White people of all classes participated in race-justified settler colonialism.
Very few white people of any class opposed it.
There were white people of all classes who supported race-based capitalist slavery.
There were white people of all classes who opposed race-based capitalist slavery. This was true of the abolitionist movement in the 1800s and it is true of the anti-racist movement now White people of all classes are racist.
White people of all classes are anti-racist.
Making matters a little more complicated, to paraphrase, U.S. author and anti-racist activist, Ibram X. Kendi, a white person can do an anti-racist thing in the morning and three racist things in the afternoon of the same day.
The white left has always struggled with race not just from an analytic perspective, but from garden variety racist attitudes as well.
Sometimes, as with self-proclaimed socialist Jack London, the racism has been overt. In 2017, the East Bay Express published an expose on London that included this paragraph, “His 1911 novel Adventure includes a white man who ‘rode pick-a-back on a woolly-headed, black-skinned savage.’ Enough said.”
In other cases, the left has been functionally white supremacist in more passive ways, just as with white supremacy writ large. To be clear, there is nothing to suggest any superior anti-racist insight or practice within the annals of anarchism either.
In The Dawn of Everything, David Graeber and David Wengrow demystify the superficially different, but essentially the same ideas of the big-name western thinkers, white supremacist to a man, including Thomas Hobbes, John Locke, John Stuart Mill, David Hume, Jean-Jacques Rousseau, and Immanuel Kant, and Georg Wilhelm Friedrich Hegel.
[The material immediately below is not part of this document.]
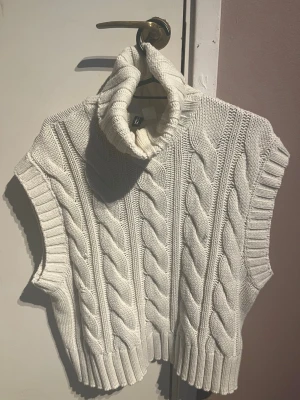 Vit kabelstickad väst från H&M - Säljer en krämvit kabelstickad väst från H&M med hög polokrage och breda ribbade kanter. Västen är ärmlös och har ett chunky stickat mönster som ger en trendig look. Perfekt att styla över en skjorta eller långärmad tröja.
In The Racial Contract, Charles Mills did what Graeber and Wengrow do, but almost thirty years earlier. The critiques overlap somewhat although Mills’s is through the lens of white supremacy.
Counterintuitive though it might seem at first glance, the possibilities for building a multiracial, multiethnic, multigender, multinational political movement are now greater than they have ever been. Both of these books are essential reading for formulating its intellectual framework.
Frank Joyce is a lifelong Detroit based activist and writer. He has written for the Fifth Estate for over 50 years and once was its News Editor. He is coeditor with Karin Aguilar-San Juan, of The People Make the Peace: Lessons from the Vietnam Anti-War Movement. He is currently writing a book about unlearning white supremacy.